Marlene took over from there. I asked her what recipe she used and she told me, "I just have it in my head." Like her mother before her, and probably her mother before her. 

Photographing food well is a real art, and some foods lend themselves to photographs well, but I don't think cheese onions are one of those foods. Nevertheless, I gave it my best shot—before digging in...

Cheese onions on the right, followed (clockwise) by a cucumber-tomato-feta salad, maple-pecan roasted brussels sprouts, and a small piece of steak. Delightful.

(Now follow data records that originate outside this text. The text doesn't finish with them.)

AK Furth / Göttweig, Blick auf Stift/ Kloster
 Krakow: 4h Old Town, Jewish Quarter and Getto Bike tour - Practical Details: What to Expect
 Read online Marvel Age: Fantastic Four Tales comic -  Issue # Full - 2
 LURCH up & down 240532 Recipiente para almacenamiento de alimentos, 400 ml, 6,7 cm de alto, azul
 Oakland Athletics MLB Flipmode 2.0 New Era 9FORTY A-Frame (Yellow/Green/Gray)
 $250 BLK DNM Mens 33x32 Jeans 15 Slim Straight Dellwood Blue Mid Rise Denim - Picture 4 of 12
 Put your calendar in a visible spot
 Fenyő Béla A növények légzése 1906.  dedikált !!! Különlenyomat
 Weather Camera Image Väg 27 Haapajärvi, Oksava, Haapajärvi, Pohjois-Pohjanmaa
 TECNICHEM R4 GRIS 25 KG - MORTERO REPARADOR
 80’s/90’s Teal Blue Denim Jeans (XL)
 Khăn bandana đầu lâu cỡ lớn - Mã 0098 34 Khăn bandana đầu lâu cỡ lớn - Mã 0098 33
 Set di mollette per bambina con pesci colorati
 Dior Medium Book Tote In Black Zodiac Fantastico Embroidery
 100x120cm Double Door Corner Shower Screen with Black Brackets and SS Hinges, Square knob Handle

You can plant potato onions in the fall (like garlic) or in the spring. I have selected out several of the nicest looking specimens from last year's harvest to plant this coming spring. The beauty of these onions is that you buy some bulbs and plant them once. Then, if you select some of the nicest bulbs for replanting each year, you never have to buy them again. And, though the harvest is a mixed bag of small and medium-small sized onions, the smalls are perfectly suited for making cheese onions.



10 comments:

  1. Hi Herrick, Well I also ordered my Multiplier onions last fall, and I even got them planted on time. Only problem is, that I planted them in the HT without thinking of the consequences of that action! I now have a long row of beautifully growing onions, and if they get too cold thru the rest of the winter, I'll probably have a nice crop of rotten onions in the spring!! I have always been known as a "right clever duck"! Happy New Year!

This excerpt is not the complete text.